FBI agent's tainted testimony denied fair trial to man convicted of rape, judge rules
December 14, 2001                                                                             PROVIDENCE, R.I. (AP)


A man convicted of raping a woman at knifepoint in 1988 was denied a fair trial
because an FBI scientist misrepresented forensic evidence, a Superior Court judge ruled. Ruling Thursday, Judge
Stephen J. Fortunato Jr. called the FBI agent a "rogue" and granted the release of Carlton Bleau, 63. Bleau was
sentenced to 55 years in prison and has spent 91/2 years behind bars. A state Supreme Court justice agreed to
keep Bleau in prison overnight, The Providence Journal reported. Prosecutors, who believe Bleau is a flight risk,
planned to go back to Fortunato Friday to ask him to stay his release order while they appeal to the state
Supreme Court, said Jim Martin, spokesman for Attorney General Sheldon Whitehouse. Bleau was convicted in the
1988 rape of a woman who had left a Central Falls bar with a man she had offered a ride. She was found later by
police in nearby Lincoln, wandering on a below-freezing night with her jeans and underwear torn, her face swollen
and her lip cut. Police found her car in a nearby industrial park with its tires slashed. In court Thursday,
Fortunato said an FBI scientist was "some sort of renegade or a rogue and did not follow appropriate forensic
procedures," in examining evidence used to convict Bleau. The agent, Michael Malone, testified in 1993 that hair
found in the victim's car had the same microscopic characteristics of hair samples taken from Bleau. He also
testified that fibers found on Bleau's knife appeared to come from the victim's clothing. In 1997, the FBI
investigated its laboratories and found that 13 of its scientists, including Malone, engaged in sloppy work. The
investigation found Malone lied in a 1985 case and that he misrepresented evidence in Bleau's trial. An
independent scientist hired by the FBI said he could not document Malone's hair studies in Bleau's case.

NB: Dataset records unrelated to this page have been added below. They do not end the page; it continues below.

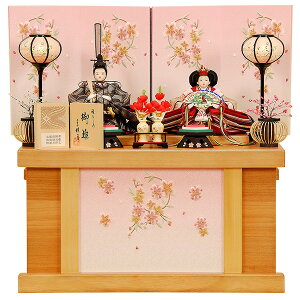雛人形 ひな人形 K327 コンパクト 雛人形 コンパクト収納飾り 親王飾り 雛 名匠・逸品飾り 佳月 かげつ ひな 即日発送【2026年新作】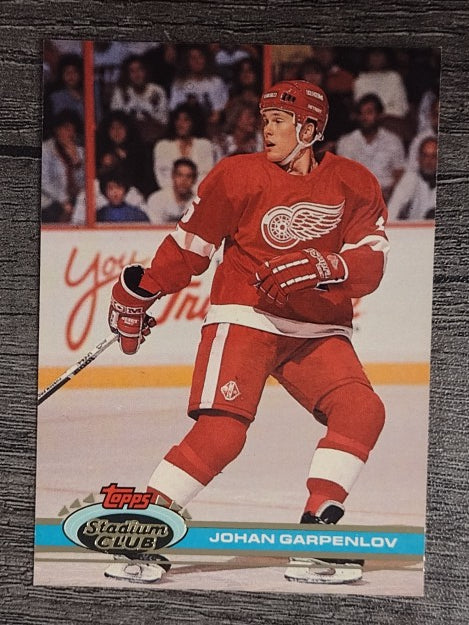 1991-92 Stadium Club #268 Johan Garpenlov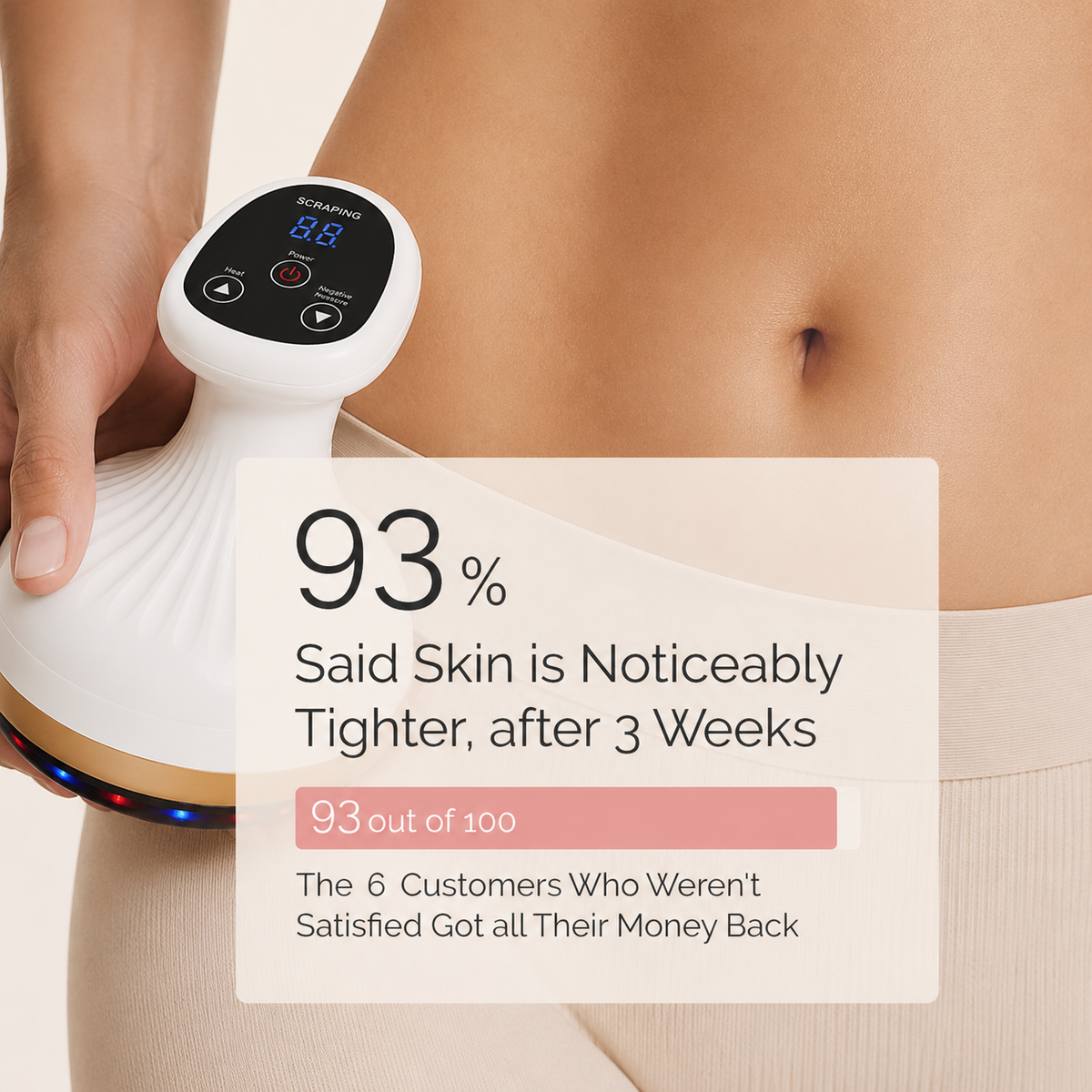 Monaé® CelluGlow™ - Firmer, More Toned Skin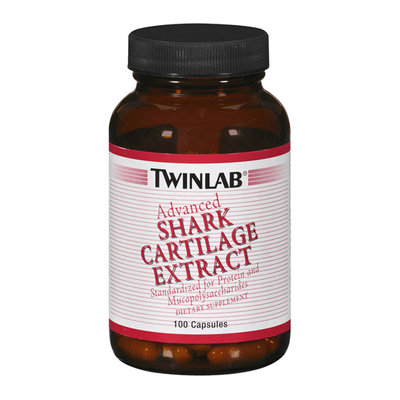 Twinlab Advanced Shark Cartilage Extract Capsules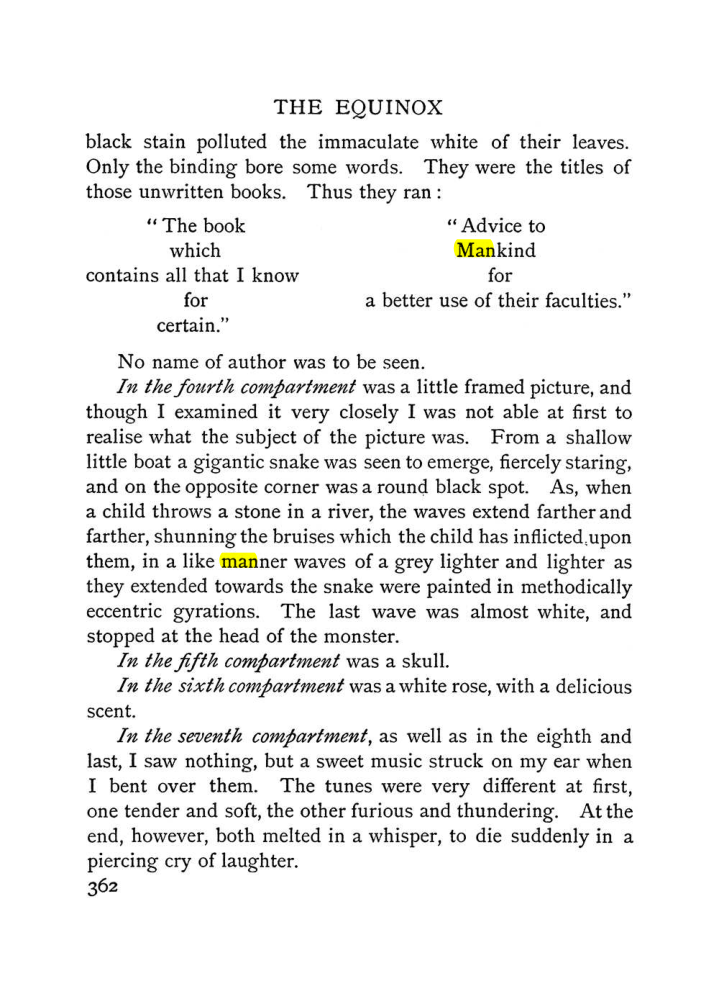 Original scan of The Equinox (Volume I, Number I), PDF page 370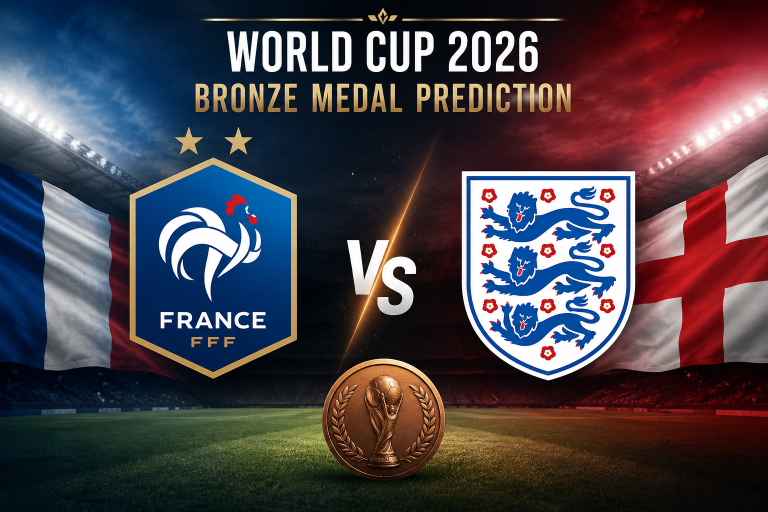 France vs England World Cup 2026 Bronze Medal Prediction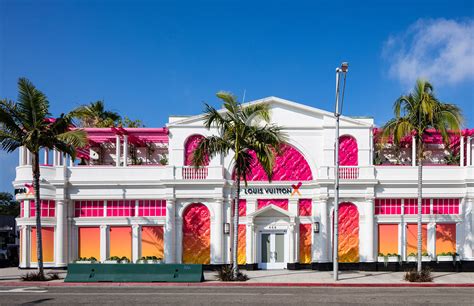 Louis Vuitton X’s pop-up museum has landed in Beverly Hills - The Spaces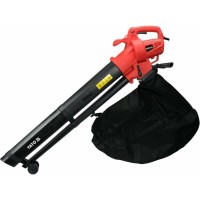 Порохотяг присадибний від електромережі- 230В YATO: 3500Вт, продуктив- 13,2 м³/хв, збірник- 35 л [1]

Malone
no longer works at the FBI, The Journal reported. Prosecutor Stephen Regine argued that Bleau's conviction
should stand because the agent's testimony was not crucial to a case that included testimony from the victim
and eyewitnesses who saw Bleau enter her car. Fortunato said if jurors had known that Malone was
misrepresenting evidence, they may have found Bleau innocent.